EXERCISE INPUTS:
_ _ _
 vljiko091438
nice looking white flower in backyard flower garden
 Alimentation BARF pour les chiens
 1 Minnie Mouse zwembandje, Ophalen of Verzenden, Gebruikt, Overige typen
_ _ _
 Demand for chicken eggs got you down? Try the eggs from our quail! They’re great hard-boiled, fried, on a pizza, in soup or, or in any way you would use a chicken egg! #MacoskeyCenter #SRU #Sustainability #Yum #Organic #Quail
_ _ _
WORK ORDER: Taking the line with "vljiko091438" as the first and the line with "1 Minnie Mouse" as the last, retype that stretch of the data above exactly, with no other lines.

SOLUTION TO THIS EXERCISE:
 vljiko091438
nice looking white flower in backyard flower garden
 Alimentation BARF pour les chiens
 1 Minnie Mouse zwembandje, Ophalen of Verzenden, Gebruikt, Overige typen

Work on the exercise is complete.